> [TASK BRIEF]: Word-for-word repetition of the records below is needed, but only from the line holding "Furgoneta blanca de" through the final line, with pictures excluded.

> [RAW DATA]:
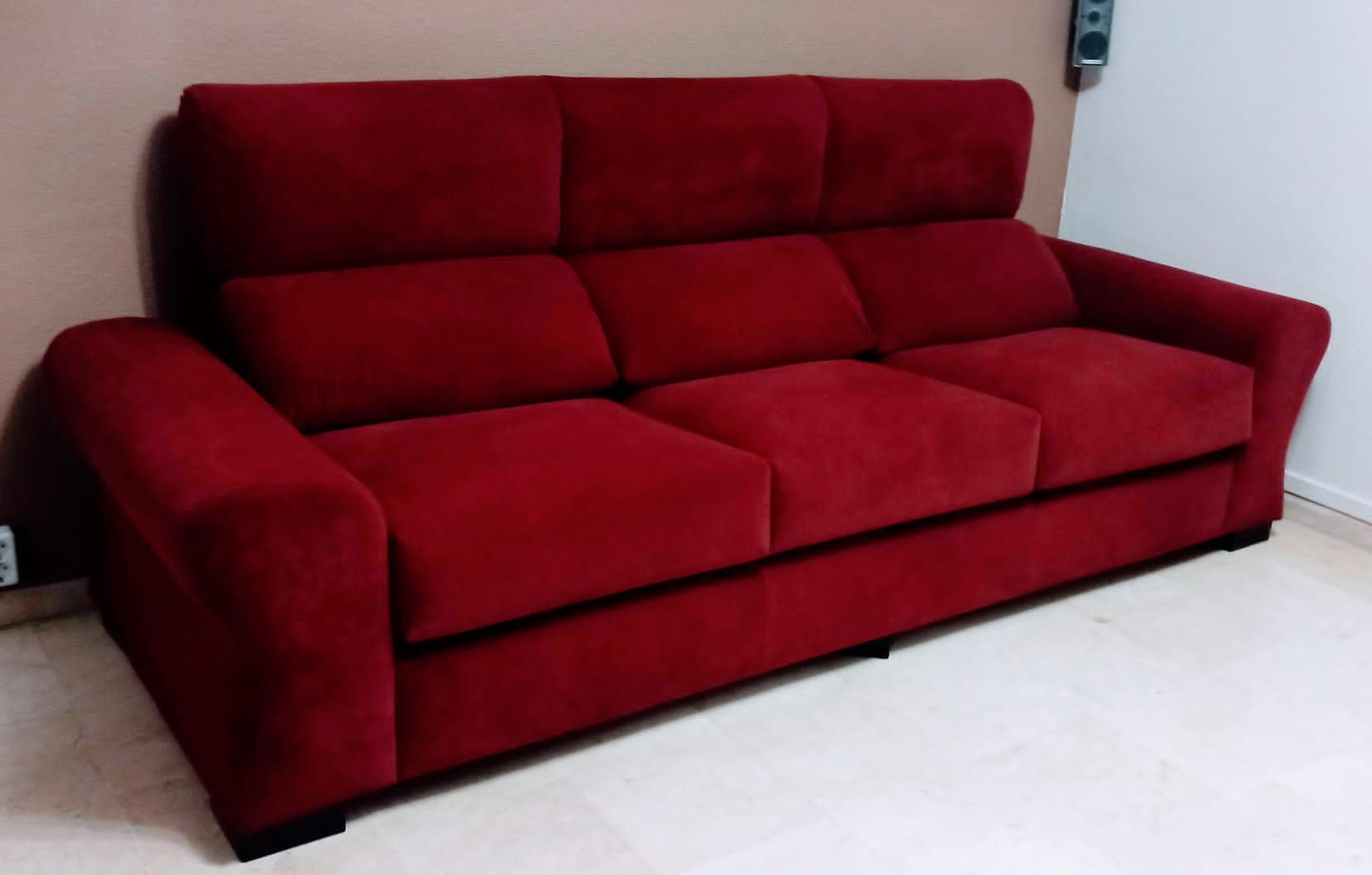 Sofá tapizado en rojo en una habitación de color claro, con una pared blanca de fondo.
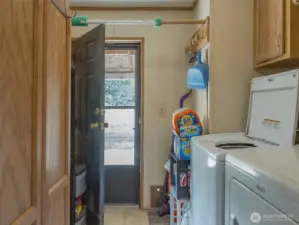 Well-positioned for everyday convenience, the laundry room offers three points of access — from the kitchen, hallway, and directly to the exterior.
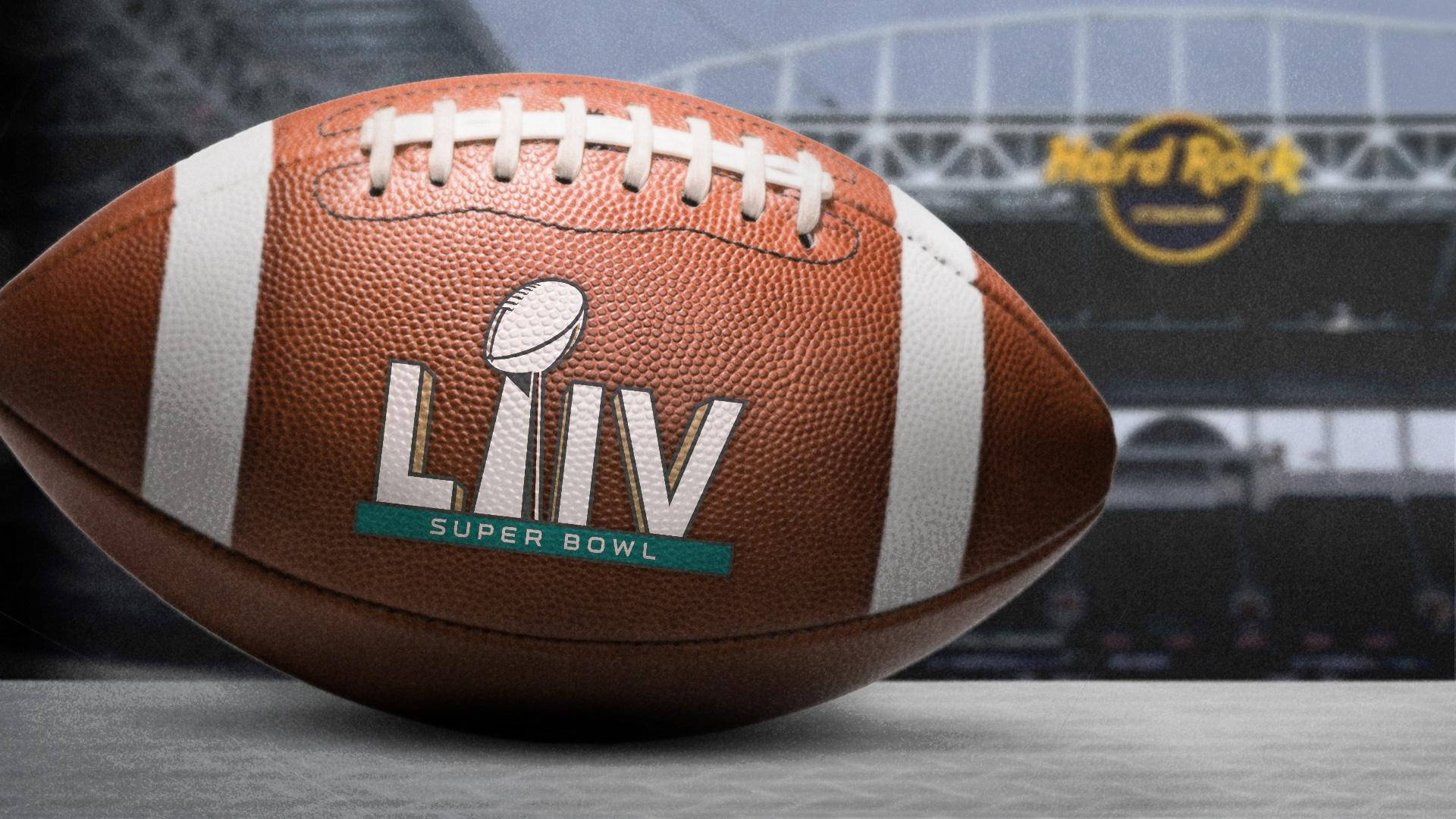 超級碗LIV足球 壁紙 — 近距離拍攝一個棕色皮革 Super Bowl LIV 足球，帶有白色鞋帶和標誌，放置在灰色表面上，背景是模糊的體育場。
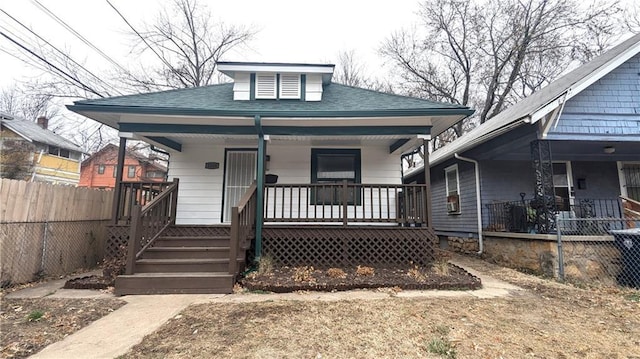 bungalow-style house featuring a porch, roof with shingles, and fence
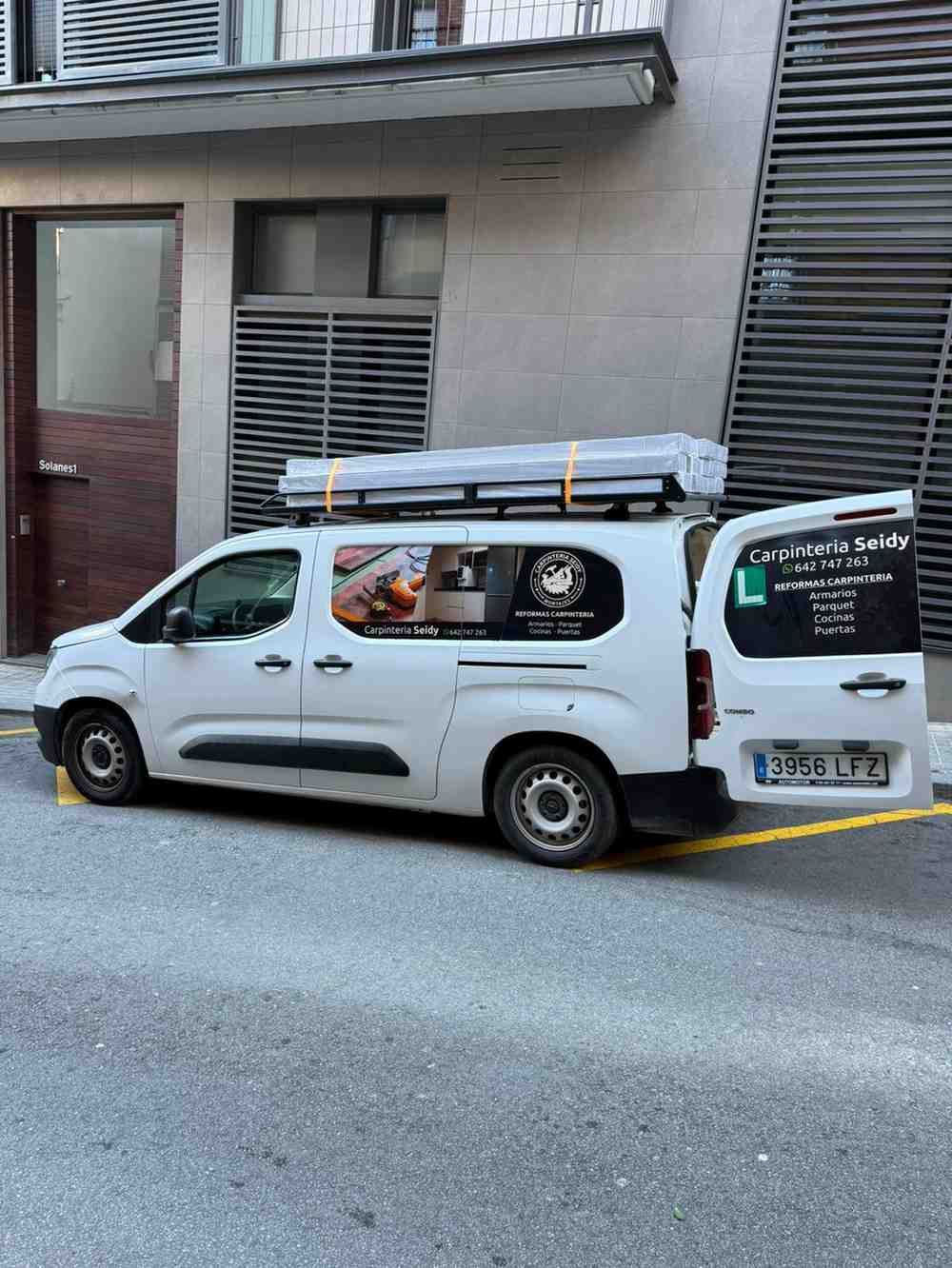 Furgoneta blanca de trabajo aparcada en una calle estrecha junto a un edificio, con escaleras en el techo y gráficos.
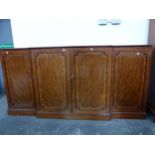 A 19th C. CROSS BANDED MAHOGANY BREAKFRONT BOOKCASE ON PLINTH FOOT. W 215 x D 46 x H 108cms.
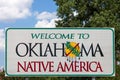 Welcome to Oklahoma sign with blue sky and trees in the background Royalty Free Stock Photo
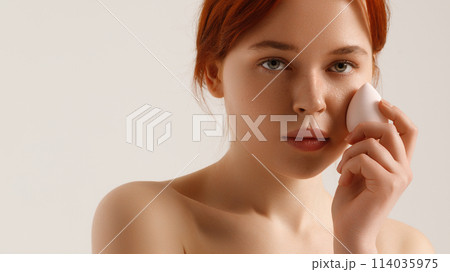 Nude makeup. Beautiful young girl applying face 114035975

> [RESULT OF THIS TASK]:
 Furgoneta blanca de trabajo aparcada en una calle estrecha junto a un edificio, con escaleras en el techo y gráficos.
 A 19th C. CROSS BANDED MAHOGANY BREAKFRONT BOOKCASE ON PLINTH FOOT. W 215 x D 46 x H 108cms.
 Welcome to Oklahoma sign with blue sky and trees in the background Royalty Free Stock Photo
 Nude makeup. Beautiful young girl applying face 114035975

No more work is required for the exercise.